Feature posture in your consumer Cargo.toml:

[dev-dependencies]
# The `sqlite` feature on ff-sdk pulls ff-backend-sqlite as an
# optional dependency and re-exports `ff_sdk::SqliteBackend`.
ff-sdk = { version = "0.12", default-features = false, features = ["sqlite"] }

If you also want to name the crate directly (e.g. to pin its version independently or reach non-re-exported items), add ff-backend-sqlite = "0.12" alongside — but it is not required when enabling the ff-sdk sqlite feature.


3. Connection-URI modes

3.1 Bare :memory:

The simplest form. Ephemeral; database vanishes when the last connection closes. SqliteBackend::new(":memory:") canonicalises internally to a shared-cache URI so pool connections see each other's state.

SqliteBackend::new(":memory:").await?

Note on :memory:?cache=shared. The backend's is_memory_uri check recognises bare :memory: and file:...?mode=memory forms; it does NOT treat a bare :memory: with a query-string tail as in-memory. Pass bare :memory: and let the backend canonicalise, or use the named file:<name>?mode=memory&cache=shared form in §3.2 for multi-test isolation.

3.2 file:<name>?mode=memory&cache=shared — per-test isolation

For parallel tests, each test body constructs its own unique named in-memory DB:

let uri = format!(
    "file:ff-test-{}?mode=memory&cache=shared",
    uuid::Uuid::new_v4(),
);
let backend = Arc::new(SqliteBackend::new(&uri).await?);

Each UUID names a separate database instance; tests cannot cross- contaminate. The OnceCell-backed registry (SqliteBackend::new caches one handle per canonicalised URI) ensures multiple new(uri) calls for the same UUID share a single backend instance — this is what preserves in-process pub/sub wakeup semantics for subscribe-aware tests.

3.3 File-backed — /tmp/ff-dev.db or project-local

Use a file path for a dev harness that persists across cargo run invocations:

FF_DEV_MODE=1 FF_BACKEND=sqlite FF_SQLITE_PATH=/tmp/ff-dev.db cargo run -p ff-server

WAL mode is enabled by default (PRAGMA journal_mode=WAL in the connect hook).

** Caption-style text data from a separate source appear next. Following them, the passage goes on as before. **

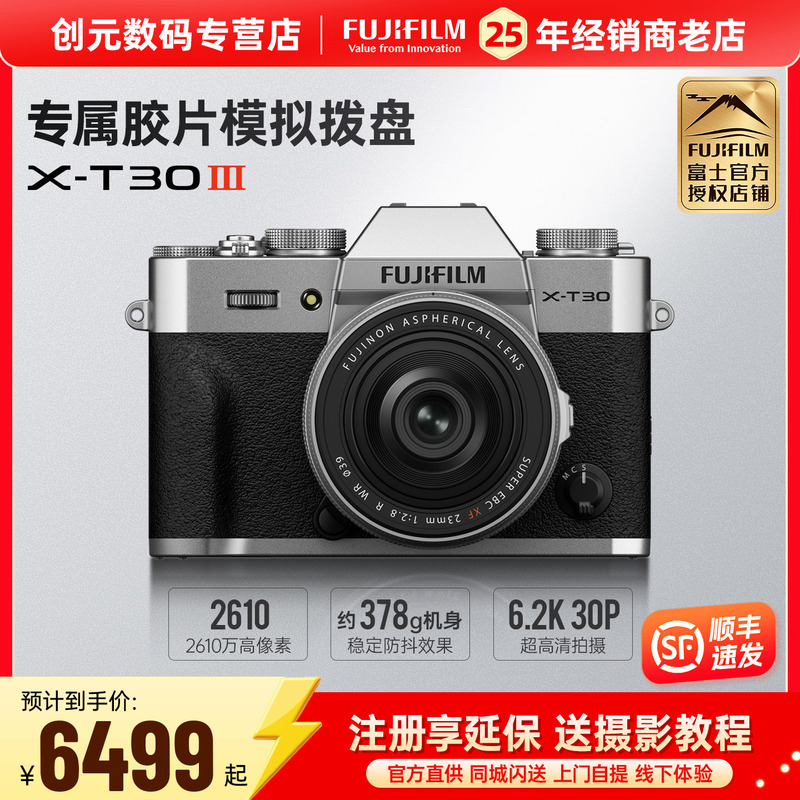 Fuji X-T30Iii Third-Generation Retro Mirrorless Digital Vlog Camera for Students [Back-To-School Season]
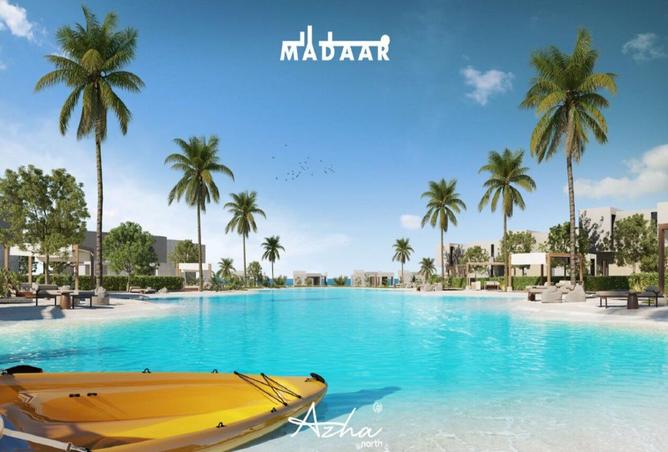 7971957 - الصورة الرئيسية للعقار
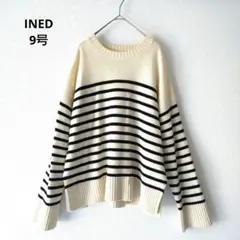 INED ボーダー ニット セーター ウール カシミヤ ベージュ黒 9号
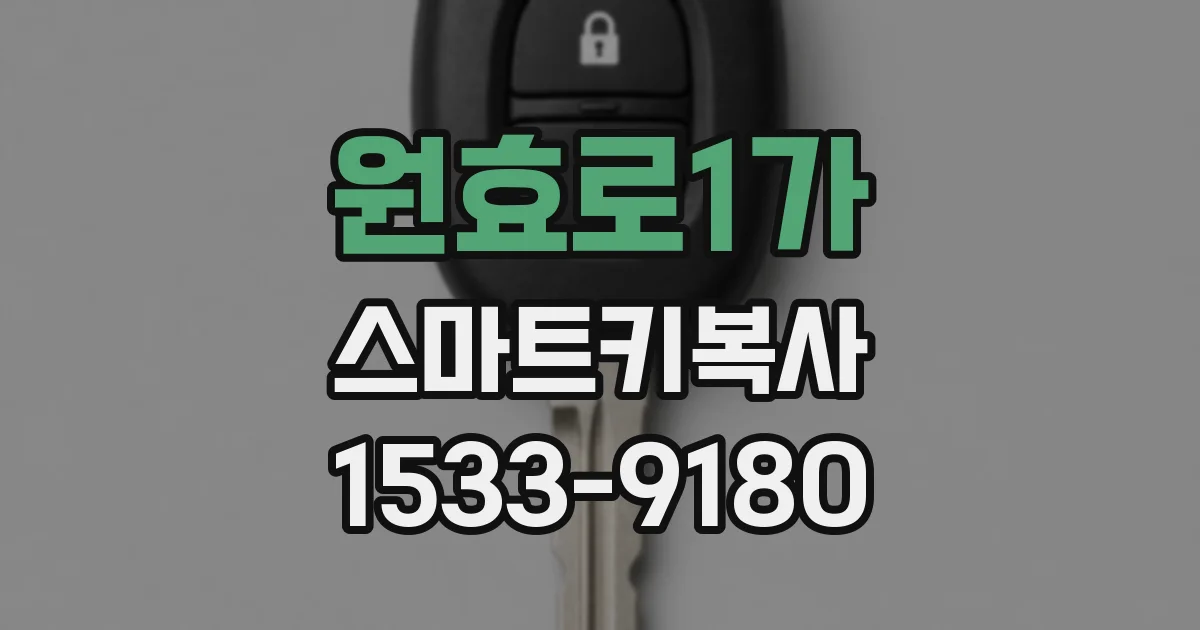 원효로1가 스마트키복사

Reader concurrency is load-bearing here; :memory: mode no-ops the pragma.


4. dev → prod gotchas (what SQLite does NOT do)

SQLite's dev-only scope is permanent (RFC-023 §5). These are the invariants that do not port from SQLite up to a production Valkey or Postgres deployment.

4.1 No partitioning

The Postgres backend hash-partitions flow + execution tables 256 ways (PARTITION BY HASH (partition_key) × 256). The SQLite backend drops partitioning entirely — one non-partitioned table per entity — because SQLite does not support PARTITION BY and single- writer semantics make partitioning tautological.

Impact: the scanner supervisor collapses to N=1 on SQLite (one tick task per reconciler, no partition fan-out). Workloads that would stress per-partition isolation on Postgres cannot exercise that dimension on SQLite.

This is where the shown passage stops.